Years before it was cool for music video directors to transition into features, Australian director Russell Mulcahy, who gave us Bonnie Tyler’s “Total Eclipse of the Heart”, was given license to shoot Highlander. 30 years on, after the box office flop, extended life as a cult film and two sequels that kinda destroyed the original mythology, there’s still no remake to be seen (though there’s, as always, something in the works), despite the obvious impact in pop culture (take that, Avatar!) and the wishes of many fans.
Connor Macleod (Christopher Lambert) is a happy Scot during the 16th century… that is, until he realises he is immortal. Forced to leave his village, Connor tries to live a happy, simple life with his wife, but Juan “Yoda” Sanchez (Sean Connery) arrives to train him and teach him how to prepare for the Gathering (apparently, There Can Be Only One). As Sanchez gets killed by barbarian Kurgan (Clancy Brown), and centuries go by, Connor learns how to survive, beheading other immortals, until time comes to take revenge over the Kurgan…

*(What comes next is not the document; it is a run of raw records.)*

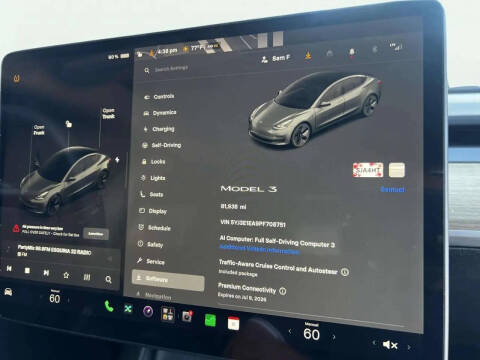 2023 Tesla Model 3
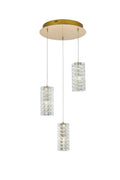 Aston Pendant by Elegant Lighting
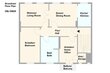 Alquilar apartamento amueblado en Hamburgo Bergedorf/Holtenklinker Straße.  plano 2 (pequ)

It is now cool to hate Highlander – the acting (exception to Connery) has more wood than the Amazon, the dialogue is laughable even by 80s standards, the special effects haven’t aged well, and don’t get us started on the transitions between present and past (though, we are sure, they were pretty wicked in 1986.) But one can’t deny there’s something in the film that makes it more than a cheesy guilty pleasure. Maybe it’s its premise; maybe it’s the sword fight sequences in 80s New York; or maybe it’s the faultless Queen’s soundtrack (Heeeeeeeere we are!) You may even feel moved when Connor says goodbye to old wife, Heather, as she dies and he doesn’t seem a day older – immortality, after all, doesn’t seem to be as great as its marketing. If the remake ever happens, we may see its potential come to fruition… or blow on a 3D CGI orgy, as we doubt a middle ground is possible with this story. In the meantime, Highlander is what we have, and if you dare to brave Lambert’s lack of charisma for 100 minutes, well, aren’t you a good cinephile.
To watch it in all its 80s splendour, get Studiocanal’s 4K restoration in DVD & Bluray. Extra wise, the new interviews with Lambert and Mulcahy are good, some deleted scenes (though some cases are just different edits to already existing scenes), an audio commentary with Russell Mulcahy, and a delicious making off doc in 4 parts.
Highlander is out on DVD & Blu-ray on 11th July 2016.